逗子にある世界一小さい科学館「理科ハウス」ってどんなとこ?
ココがキニナル!
逗子の池子に「世界一小さい科学館」と看板を出しているところがあります。一見、科学館にはとても見えない小さな建物ですが、中がどうなっているのか気になります(おはようさんさんさん)
はまれぽ調査結果!
「世界一小さい科学館 理科ハウス」は、最新科学を学ぶことができる体感型の科学館。大きい科学館のような派手な展示物はないが、館長さんと学芸員さんの熱のこもった科学トークに引き込まれる。
ライター:福田 優美
解説がおもしろすぎて時間を忘れた
森さんが出してきたのは、食品や雑貨など拍子抜けするほど科学館っぽくないものたち。日常生活の中にあるこれらを使って「動物、植物、菌類、バクテリア(細菌)、アーキア(古細菌)」などに分類する。
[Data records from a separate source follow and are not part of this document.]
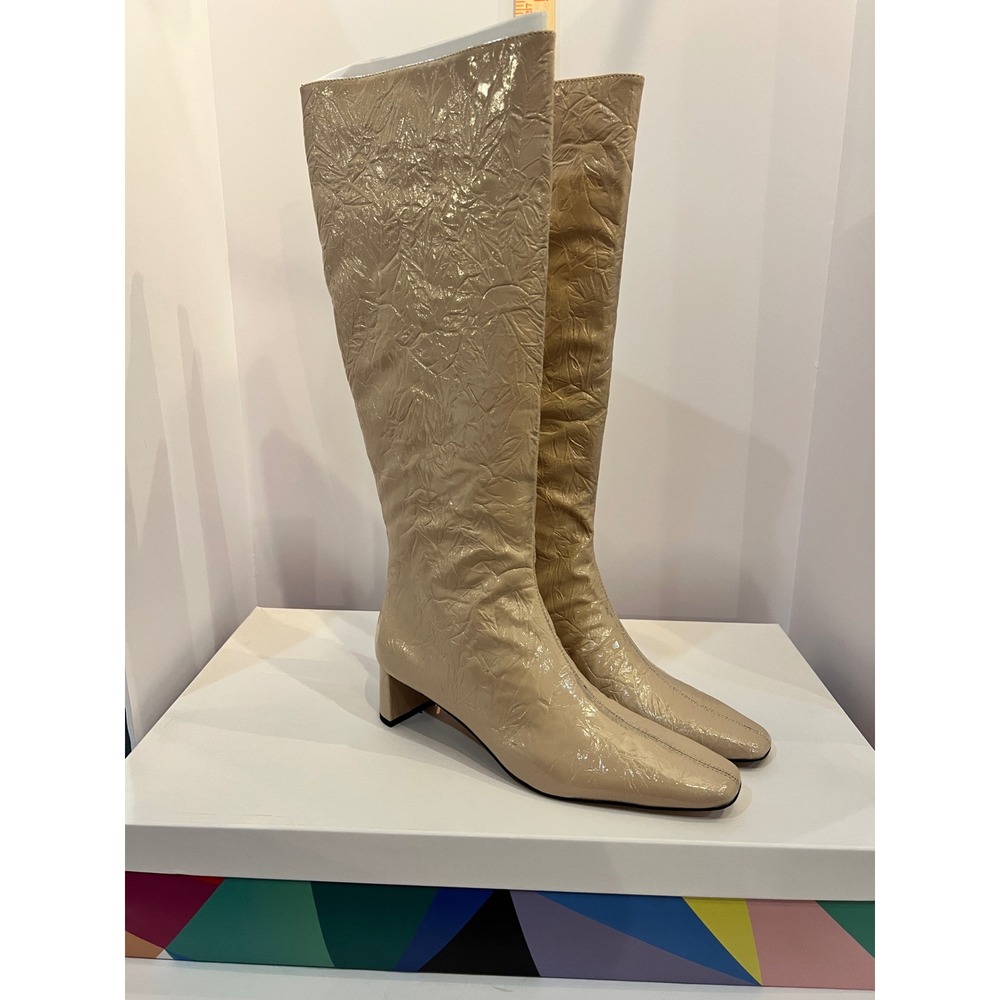 Nisolo The Wanderering Boot Taupe Patent Leather Embossed Knee High Heel Size10M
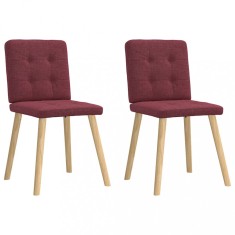 vidaXL Scaune de bucătărie, 2 buc., roșu vin, material textil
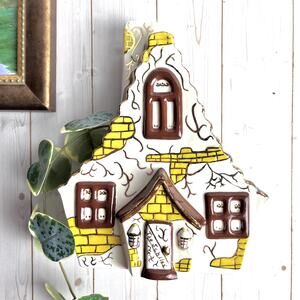 VTG 1960s Ceramic Cottage House Wall Pocket Planter Gold Accents Hand Painted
生物分類のテープ。ここから化石、地層へと話が広がった
自慢ではないが筆者は超がつくほどのド文系。本気でかかったが、半分以上不正解だった。もちろん回答しただけでは終わらない。森さんはさらにこちらの考えを深掘りしてくる。ひとつ理解が深まると、新たな疑問が浮かぶ。
しかし、簡単には教えてもらえない。「あなたはどう思う?」と質問返しを受けたり、「じゃあこれを見てみよう」と本や資料が出てきたり。もはや森さんの術中である。そうこうしているうちあっというまに1時間が過ぎた。取材を断られたとき、来館者一人一人の滞在を大事にしたいと話していたことを思い出す。
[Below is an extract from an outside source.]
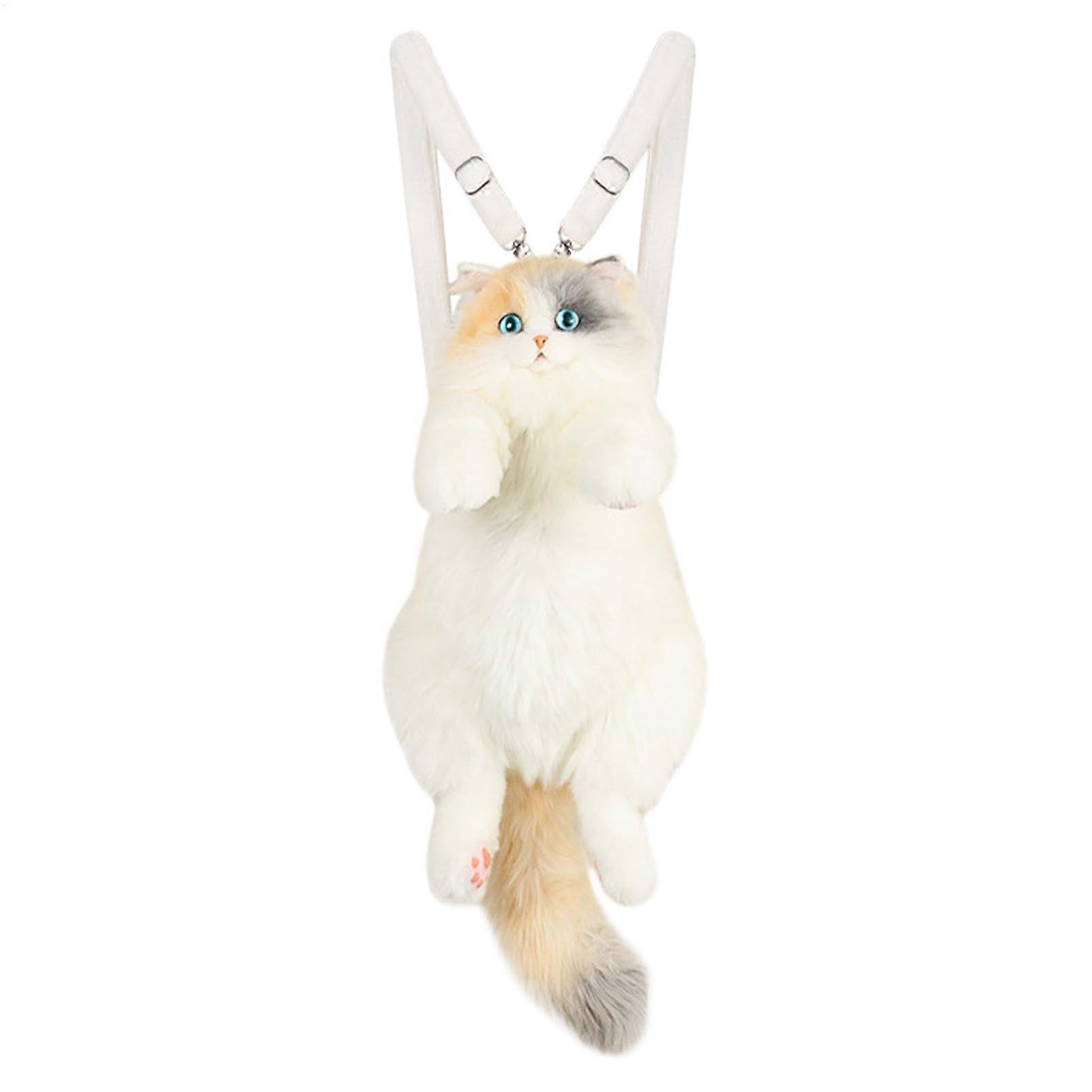 Plush Cat Backpack, Stuffed Cats Backpack, Handmade Craft Toy, Stuffed Calico Cat Shape, Plush Backpack Toy for Birthday, Standard modelno scarf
森さんの解説がおもしろくてわかりやすくて、ぐいぐい引き込まれた
「科学館ってパッと観るだけじゃ全然おもしろくないんですよ。じっくり見て触れて、自分で考えて、誰かと対話するからこそ、科学のおもしろさを体感できるんです」
森さんのこの言葉は、まさに理科ハウスの開館理由だったということはあとでわかる。もっと話を続けたいところだったが、あいにく時間が限られていたので、森さんにインタビューをはじめたい。
いっかいの主婦が科学館を開館したわけ
まずは、森さんがどういう経緯で理科ハウスを開館したのか聞いてみたい。
「元は中学校の数学教師をしていました。結婚を機に退職して関東に移り住んでからは、自宅で時々家庭教師をする主婦でした」
主婦から科学館長とは稀有な経歴の持ち主だ。この時点ではまだ科学館をオープンすることは想像ができない。
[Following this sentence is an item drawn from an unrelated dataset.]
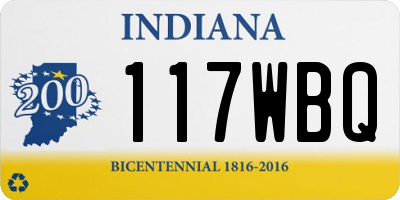 IN license plate 117WBQ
「時間が余っていたので、子どもたちと楽しく学べないかなぁと思って、上の子が小学5年生の頃から自宅で理科の実験をはじめたんです。1994(平成6)年頃かな。図書館で借りた本を参考にして、身の回りにあるものを使ってやっていました」
実験に使ったのは電子レンジや洗濯糊などどこの家庭にもあるもの
ほんの少しだが話が近づいてきた。専門的な知識や道具がなかったので、自宅にあるもので簡単にできる実験が中心だった。スライムや大きなシャボン玉を作ったり、ペットボトルロケットを飛ばしたりするうち、森さんは実験の楽しさにのめり込んだという。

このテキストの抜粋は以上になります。